“With this new apartment, you no longer have an excuse to remain celibate.” She drained the glass with a toss of her long hair.

“Well, introduce some girls to me.”

“You need my help?”

“Why not, if you are willing to help?” He tried to change the subject. “But how are things with you? About your own apartment, I mean. Soon you will get one for yourself, I bet.”

“If only I were a chief inspector, a rising political star.”

“Oh, sure,” he said, raising his cup, “many thanks to you.”

But it was true, or at least to a certain extent.

They had first met on a professional level. She had been assigned to write about the “people’s policemen,” and his name had been mentioned by Party Secretary Li of the Shanghai Police Bureau. As she talked with Chen in her office, she became more interested in how he spent his evenings than in how he did his day job. Chen had had several translations of Western mystery novels published. The reporter was not a fan of that particular genre, but she saw a fresh perspective for her article. And then the readers, too, responded favorably to the image of a young, well-educated police officer who “works late into night, translating books to enlarge the horizon of his professional expertise, when the city of Shanghai is peacefully asleep.” The article caught the attention of a senior vice minister in Beijing, Comrade Zheng Zuoren, who believed he had discovered a new role model. It was in part due to Zheng’s recommendation that Chen had been promoted to chief inspector.
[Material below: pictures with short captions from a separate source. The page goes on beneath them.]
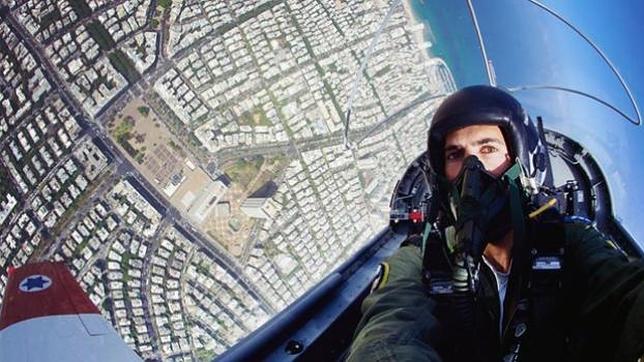El peligroso «selfie» de un piloto de caza israelí en pleno vuelo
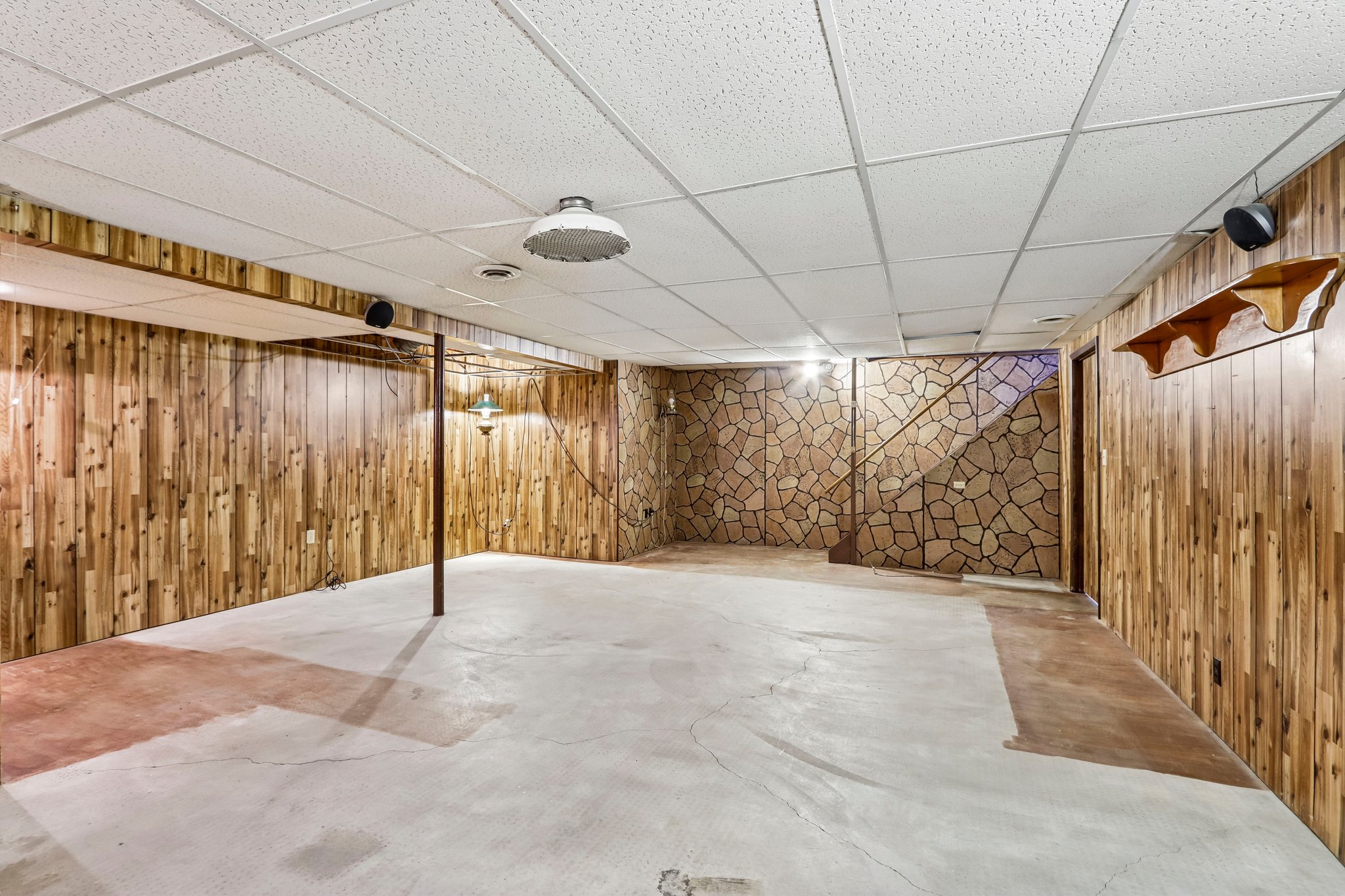 Oak Dr-S1809-039.jpg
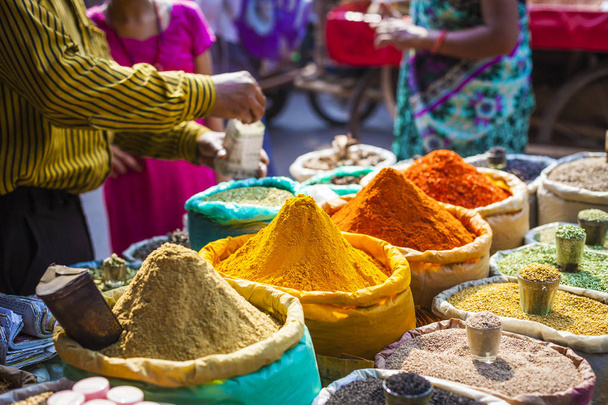 Σκόνες πολύχρωμο μπαχαρικά και βότανα σε παραδοσιακό δρόμο της αγοράς σας - Φωτογραφία, εικόνα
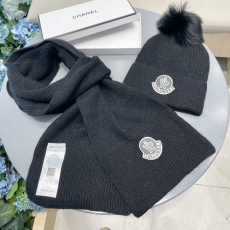 Moncler Caps Scarfs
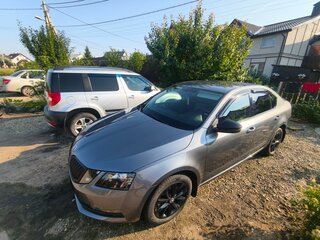 2017 Skoda Octavia III (A7) Рестайлинг, серый, 1700000 рублей, вид 4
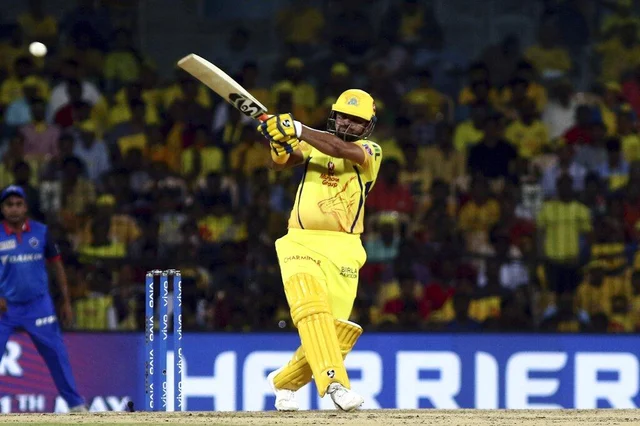 ``அவர் கிரிஸில் இருக்கும்போது பௌலர்களுக்கு நெருக்கடிதான்’ - தோனி குறித்து மனம் திறந்த ரெய்னா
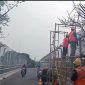 foto perbaikan tiang jambatan tol di kelurahan bunder cikupa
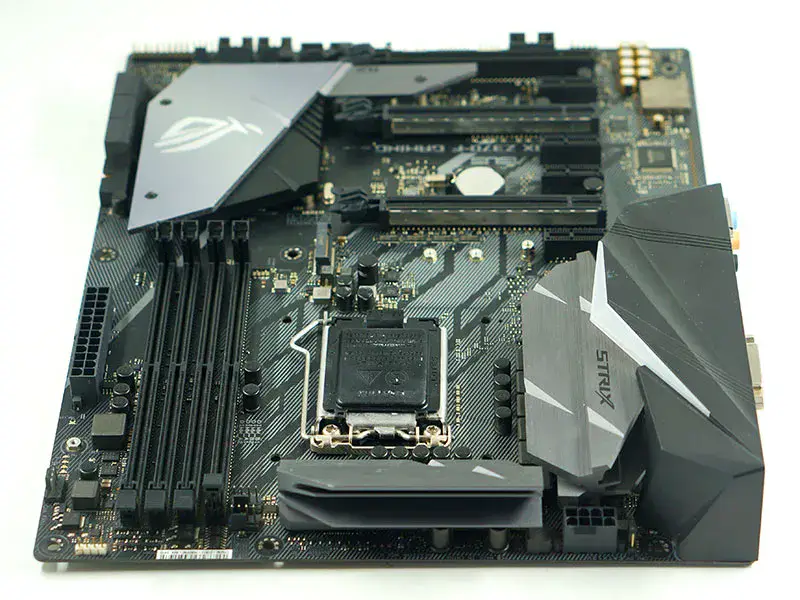 Placa-mãe Asus STRIX Z370-F GAMING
It was only partially true, however, that Chen had chosen to translate mysteries to enrich his professional knowledge. It was more because he, an entry-level police officer at the time, needed extra cash. He had also translated a collection of American imagist poetry, but the publishing house offered him only two hundred copies in lieu of royalties for that work.

“You were so sure of the motive for my translations?” he said.